BEGIN Data provided

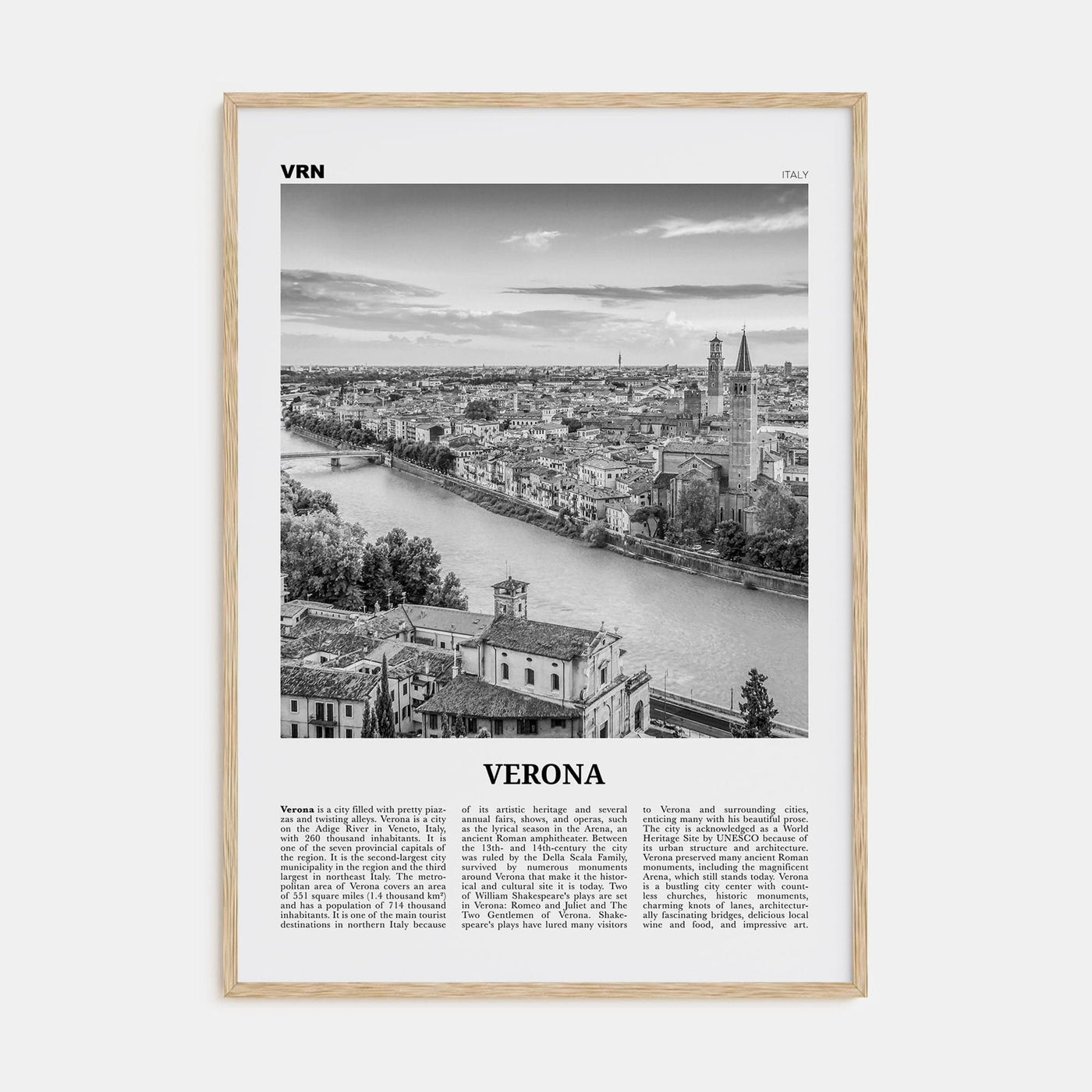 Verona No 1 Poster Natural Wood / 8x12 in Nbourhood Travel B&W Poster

END Data provided
BEGIN Data provided

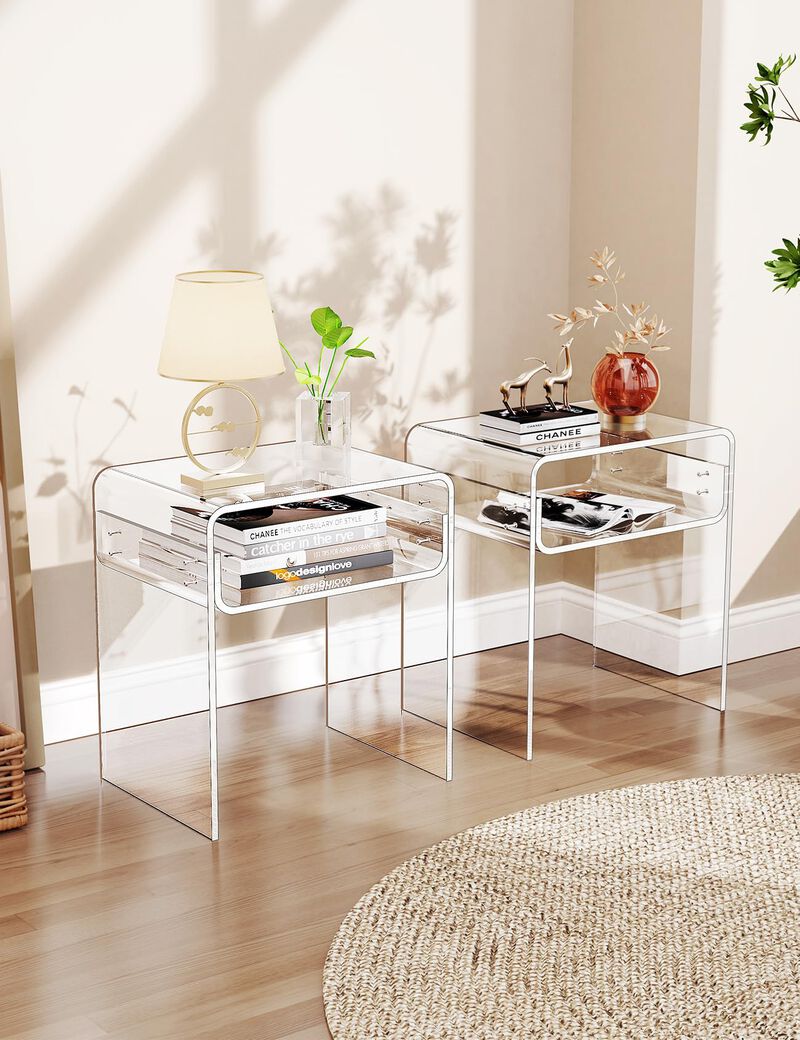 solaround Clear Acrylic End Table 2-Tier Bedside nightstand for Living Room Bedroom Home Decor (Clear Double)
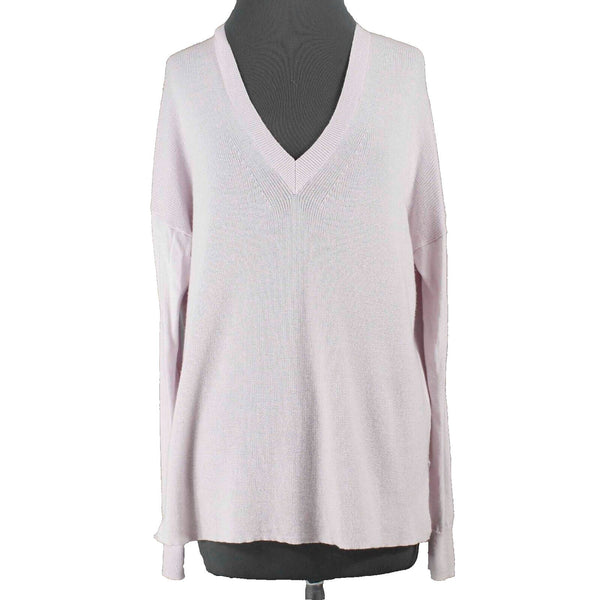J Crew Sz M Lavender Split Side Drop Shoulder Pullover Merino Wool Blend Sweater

END Data provided

• Work instructions:
Look above for the line containing "solaround Clear Acrylic", then write out every line from there down to the line containing "J Crew Sz M", that line included, with no pictures.

• Exercise solution:
 solaround Clear Acrylic End Table 2-Tier Bedside nightstand for Living Room Bedroom Home Decor (Clear Double)
J Crew Sz M Lavender Split Side Drop Shoulder Pullover Merino Wool Blend Sweater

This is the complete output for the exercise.